Shell company shenanigans

“The large amounts of money in security sector budgets — especially those like in Niger where the country is undergoing significant political violence — combined with a lack of oversight make defense budgets an enticing target for corrupt actors,” said Jodi Vittori, a former lieutenant colonel in the U.S. Air Force and a corruption and national security expert at the Carnegie Endowment for International Peace. “Due to anonymous shell companies and other shenanigans, we largely do not know where the money went, but we know where the money did not go: it did not go to fighting Boko Haram nor any of the other violent actors in the country.”

L’Evenement has recently obtained new documents about the deal and shared them with ICIJ. A copy of the contract between Halltown Business and Stretfield Development confirms the arrangements described by L’Evenement.

Stretfield Development provided Halltown Business with “contacts and inquiry for the project of supplies of military aircraft for Niger Republic” and “mediated” contracts, according to the agreement.  In exchange, Halltown Business agreed to forward a commission to Stretfield Development for every deal, the signed contract shows. The document was first obtained by Niger newspaper, La Fraternite.

The same year in which it sealed the $2 million helicopter deal, Halltown filed official paperwork in the U.K. to report that it was “active as a trade agent for clothes and footwear and received commission.” The next year, Halltown Business reported a profit of just over $2,500.

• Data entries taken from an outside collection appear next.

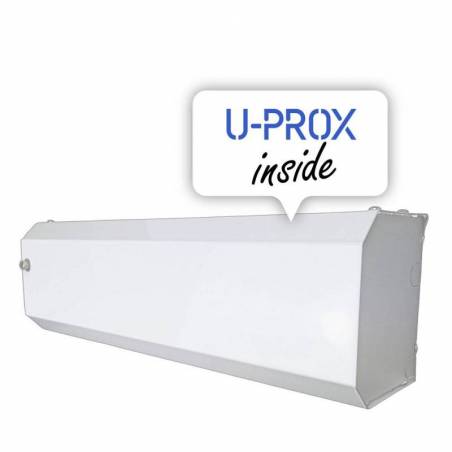 (UPROX-EX-25) Cañón de niebla Defendertech. Incluye 2 relés de control UPROX-042 (U-Prox 12V RELAY). Gen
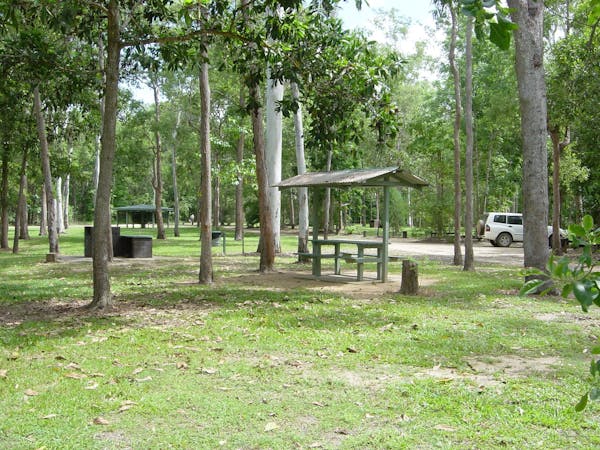 Broadwater Camping Area, Abergowrie State Forest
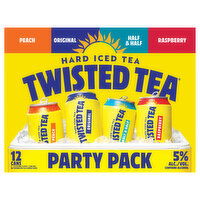 Twisted Tea Hard Assorted Iced Tea Party Pack - 12 Each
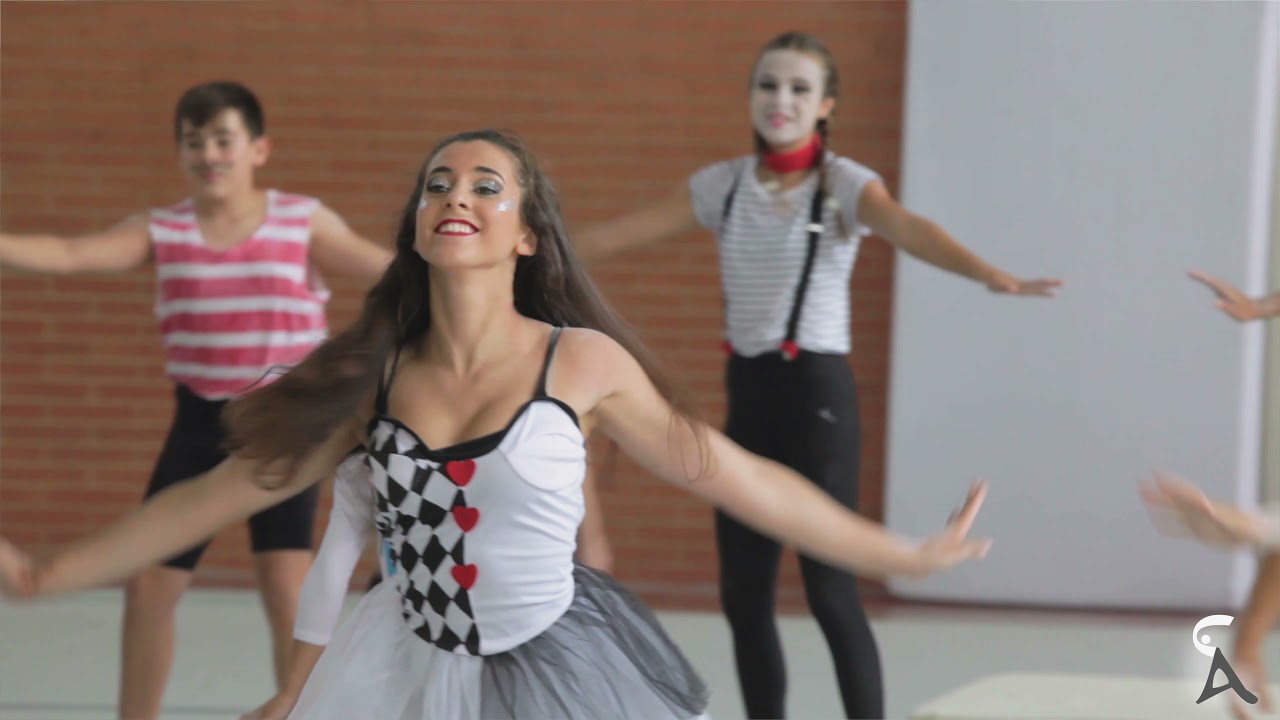 Vídeo presentación Pyrámidos - Exhibición Gran Showman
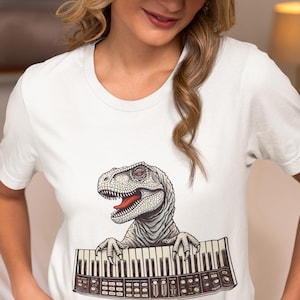 80s Dinosaur Tee - Etsy
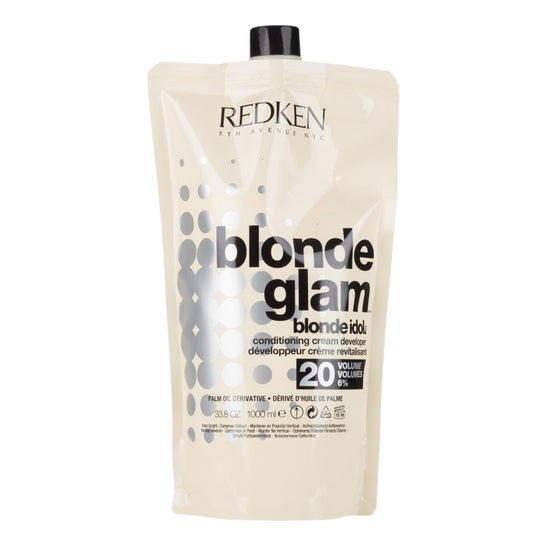 Redken Blonde Idol Conditioning Cream Developer 20v 1L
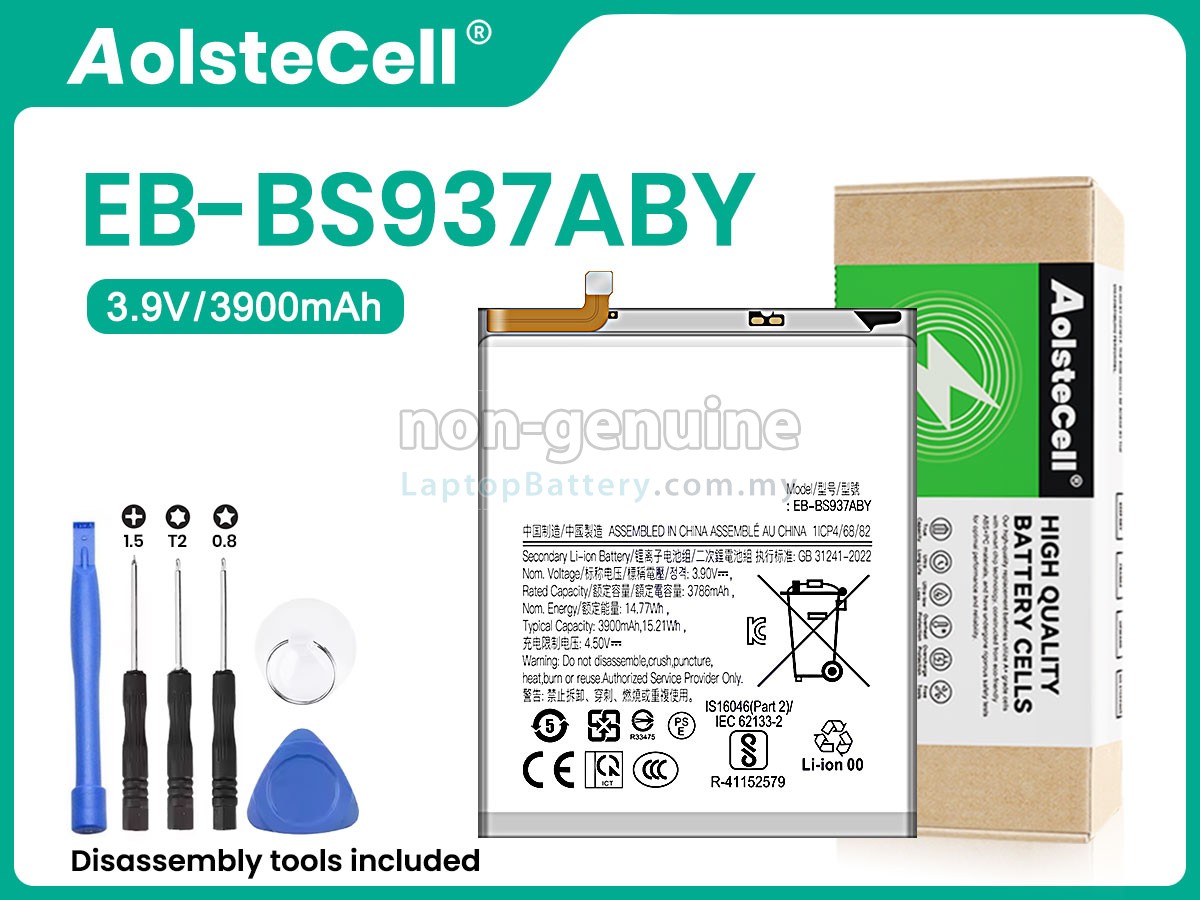Samsung EB-BS937ABY replacement battery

Halltown Business’s public records were signed by Ali Moulaye, a Belgian dentist whose signature appears on 385 U.K. companies named in the FinCEN Files, according to an ICIJ analysis. Nine of these companies alone received $4.1 billion in their bank accounts while reporting less than $500,000 during the same period, according to the analysis.

Moulaye has never been charged with wrongdoing. He told ICIJ media partner, Knack, that he knew nothing about the false financial statements. “My signature can be falsified by anybody,” Moulaye said. “That is not difficult. It’s a circle and two lines … I know nothing about it.”

A push for government inquiry

Ali Idrissa, a leading Niger activist, spearheaded the lawsuit filed by civil society organizations last month that seeks to force the government into action. Niger’s prosecutor has not yet responded, Idrissa told ICIJ.

“This is the scandal of the century,” Idrissa said. “Never before have so many millions disappeared from state coffers involving senior administration officials and private operators.”

“All these people go unpunished, but the journalists and civil society whistleblowers are in prison and dragged in front of the courts for this same dossier,” said Idrissa, head of the nonprofit Network of Organisations for Budgetary Transparency and Analysis.

Last month, Aksar received notice to appear at court to face libel charges brought by an expatriate Nigerien living in Belgium who Aksar discussed in his investigation. Neither the plaintiff nor his attorney appeared at court on the day set for the first meeting.

Boudal Effred Mouloul, Aksar’s attorney, told ICIJ that the accusations are baseless. The attorney said he had not heard from the plaintiff or his lawyers since the no-show last week. “It is up to them to call us to a new hearing,” he said.

Aksar told ICIJ he has previously received death threats from people allegedly involved in the military procurement scandal.